Si Or Norme s‘intéresse à ce nouveau théâtre qui a vraiment créé l’actualité au printemps dernier au moment de son inauguration et dans l’année qui a suivi, ce n’est pas seulement à cause de son adresse du 13, boulevard de Strasbourg, à quelques encablures de la gare de l’Est. Si nous vous parlons aujourd’hui de La Scala, c’est parce qu’une strasbourgeoise, Mélanie Biessy en est un des deux piliers.

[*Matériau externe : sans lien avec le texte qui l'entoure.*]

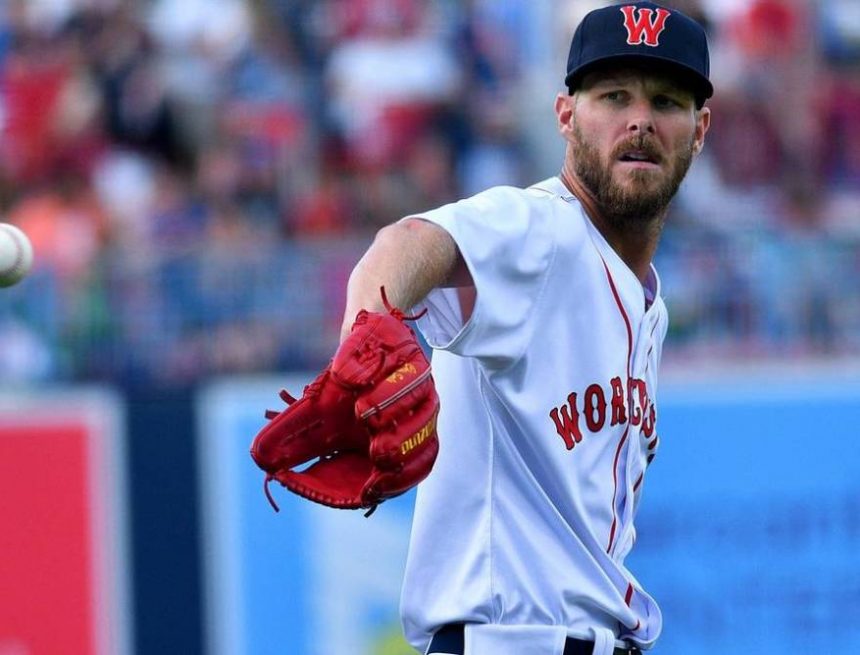 Chris Sale von Red Sox wurde nach Beginn der Reha beim Zerstören der Unterstandsbahn erwischt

Ensemble depuis le 11 septembre 2001…

Elle s’appelait encore Sengel quand elle est arrivée à Paris en 1995. Quelques années auparavant, elle avait quitté Strasbourg où ses deux parents, Danièle et Georges, tenait le restaurant Zimmer-Zengel dans la rue du Temple-Neuf, une véritable institution dans la capitale alsacienne. « J’avais alors 23 ans » se souvient Mélanie. « J’avais envie de voyager et m’assumer et pour cela, il me fallait rompre avec le milieu familial. Après être passée par Lyon, j’ai donc rejoint Paris pour débuter un job de fiscaliste chez France-Telecom… »
La rencontre de sa vie se fera quelques années plus tard, en septembre 2001. « C’était la fin de l’été et aussi celle d’une amourette saisonnière sans importance » se souvient Mélanie. « Et voilà que je me retrouve sur les gradins des arènes d’Arles, assise à côté d’un ami de mon copain d’alors, et je m’aperçois que ce garçon, manifestement, n’avait pas vraiment le moral… ». Lui, c’est Frédéric Biessy, 55 ans aujourd’hui, qui ne se fait pas prier pour avouer qu’il s’est alors spontanément confié à cette jeune femme que le hasard avait placé à ses côtés. « Je n’allais en effet pas très bien, j’étais en plein divorce, c’était très compliqué… ». Le courant est manifestement vite passé, comme le confirme Mélanie : « Très vite, je me suis retrouvée en pleine empathie, son histoire m’avait très émue. Puis, un peu plus tard, il m’a fait beaucoup rire. Et plus que tout, j’ai aimé l’entendre parler du métier de producteur artistique qui était le sien. J’avais toujours rêvé rencontrer un homme qui travaillait dans le monde de la culture et Frédéric côtoyait de très près le monde des artistes, montant des projets artistiques avec et autour d’eux. En fait je crois que cette rencontre a immédiatement ouvert un pan en moi qui était une partie de ma personnalité profonde que je n’osais pas exprimer jusqu’alors. L’expression artistique, je n’avais jamais pris le temps de l’explorer et la vivre. Cette rencontre m’ouvrait un champ énorme, en fait… »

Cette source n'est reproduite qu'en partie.